Acupuncture and In Vitro Fertilization: Does the Number of Treatments Impact Reproductive Outcomes?
D.K. Cridennda L.Ac. (1), P.C. Magarelli MD, Ph.D. (2) , and M. Cohen, MBA (2)
(1) East Winds Acupuncture Colorado Springs, CO;
(2) Reproductive Medicine and Fertility Center, Colorado Springs, CO
Objective: The purpose of this study was to determine the optimal number of acupuncture treatments that provide the patient with the best IVF outcomes, i.e., pregnancy.
Materials and Methods: Retrospective clinical study in private practice Acupuncture and IVF center. Data were compiled in a group of infertile patients (n = 216) who received acupuncture during their IVF treatment cycle between 2001 and 2005. Data were analyzed to determine the optimal number of Electrical Stimulation (e-Stim) acupuncture treatments (Stener-Victorin protocol) that would result in a clinical pregnancy. Two hundred sixteen patients over a 4 year period were included in this study. Based on our previous studies, we determined a significant improvement in IVF outcomes when patients were treated with Acupuncture (Ac). We utilized two protocols: Stener-Victorin et al 1996 (reported on uterine blood flow) and Paulus et al. 2002 protocol (reported on acupuncture given just before and just after embryo transfer). Patients received a combination of both protocols. This population was stratified into pregnant and non pregnant groups and then evaluated by Student T=test and Chi-Square analysis for age, FSH levels, weight, BMI and E-2 levels. The pregnant and non-pregnant groups were further subdivided into those that received or did not receive acupuncture and were analyzed by Chi-square analysis. Since all patients received acupuncture consisting of e-Stim, their distribution was analyzed utilizing Kaplan-Meier survival analysis for pregnancy and no pregnancy to determine the number of e-stimulation that would provide the greatest chance for pregnancy.
Results: Patients age, day 3 FSH levels, weight, BMI (body mass index) and E2 (estrogen level at embryo transfer) were not statistically significantly different between the Non Acupuncture (No Ac) and the Acupuncture (Ac) groups. There was a statistically significant improvement (p < 0.01) in pregnancy rates in the group that received Ac (49 patients of 106 (37.4%) in the No Ac became pregnant vs. 77 patients of 111 (61.1%) of the Ac group became pregnant). This is over 23% increase in pregnancy rates in the Ac group. When the data were compared between e-Stim treatments in the Ac only group, an average of 6.5 treatments were found in the non-pregnant Ac group and 5.9 treatments in pregnant Ac group (not statistically significantly different). When the data were plotted comparing pregnant vs. non pregnant Ac patients, there was a trend towards numerically more e-Stim treatments in those who achieved a pregnancy. In order to confirm or refute differences in these two groups, Kaplan Meier’s survival analyses were done. Based on these analyses, the average accumulated affect in the non pregnant Ac group was 5.1 e-Stim treatments and 8.4 e-Stim treatments in the pregnant Ac group. This was statistically significantly different at the p < 0.05.

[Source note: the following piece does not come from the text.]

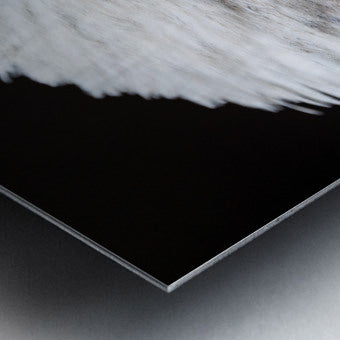 1926991 :: Brushed Metal Print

Conclusion: In traditional Chinese medicine the basic theory is that only when the body is balanced will it function at its optimal level. Acupuncture helps restore balance which results in a higher chance of achieving pregnancy. In our study, we found that patients who received more than 8 e-Stim treatments appeared to have the maximum benefit for IVF outcomes: pregnancy (p < 0.05). In our study, we also reviewed the independent effects of the Paulus protocol, however due to small numbers; we could not perform the analyses. In the IVF center included in this study, patients receive Valium (diazepam) to reduce smooth muscle contractility. This treatment may provide all that is needed to reduce uterine contractility and therefore the additional impact of Ac at the pre and post transfer (Paulus protocol) may well be masked by the medication. More study of these and other treatments must be done. We are currently investigating the role of Ac in stress hormone circulating levels.